Bruce Williamson dances at the Summertime Sizzle on the Hill; Cornhole at the Summertime Sizzle on the Hill; Trump’s image on a banner on the road leading to the library; a Reagan library pamphlet and admission sticker; James Greenfield at the Summertime Sizzle

Scenes from the Summertime Sizzle on the Hill at the Ronald Reagan Presidential Library and Museum. | Photos by David Siders/POLITICO

Donald Trump is expected to once again skip the GOP primary debate on Sept. 27, when his Republican challengers will gather to pitch themselves at the Ronald Reagan Presidential Library in Simi Valley, Calif. For some conservatives affiliated with the Ronald Reagan Presidential Foundation and Institute, which helps sustain the library, that’s all well and good.

Trump is “a spoiled brat in a sandbox,” says one member of the board of trustees.

“Trump is Voldemort,” says an adviser to another board member.

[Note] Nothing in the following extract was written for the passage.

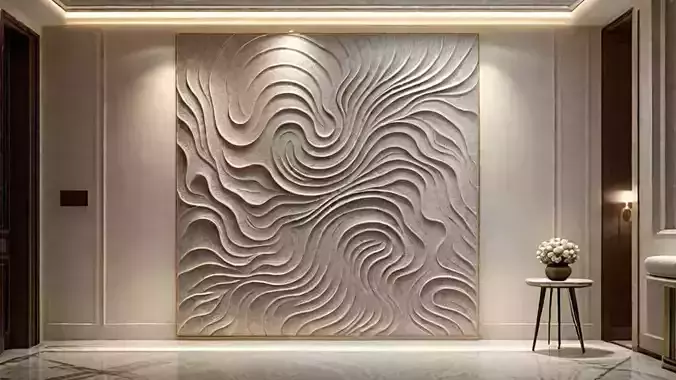 Decorative Wave Wall Panel for CNC - Flowing Modern Style 03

Since Trump’s presidency, the Reagan Foundation has invited a spate of Trump antagonists to speak — from current primary challenger and former Arkansas Gov. Asa Hutchinson and former Rep. Liz Cheney of Wyoming to Nebraska Sen. Ben Sasse and former House Speaker Paul Ryan, who kicked off the foundation’s 2021 speaker series saying of Trump’s White House curtain call that it was “horrifying to see a presidency come to such a dishonorable and disgraceful end.” Trump responded by calling him a “RINO.”

More Trump-friendly figures have been invited to speak as well — Arkansas Sen. Tom Cotton, former Secretary of State Mike Pompeo, to name a couple — but the former president himself hasn’t gotten the invite. Of the foundation’s public explanation that it wasn’t inviting any former presidents to speak, the adviser says: “Yeah, right. Let’s go with that one.”

The feud has become a proxy for the ideological power struggle rocking the GOP, with conservatives torn between the optimism of Reagan’s “shining city on a hill” and the grievance and doom of Trump’s “American carnage.”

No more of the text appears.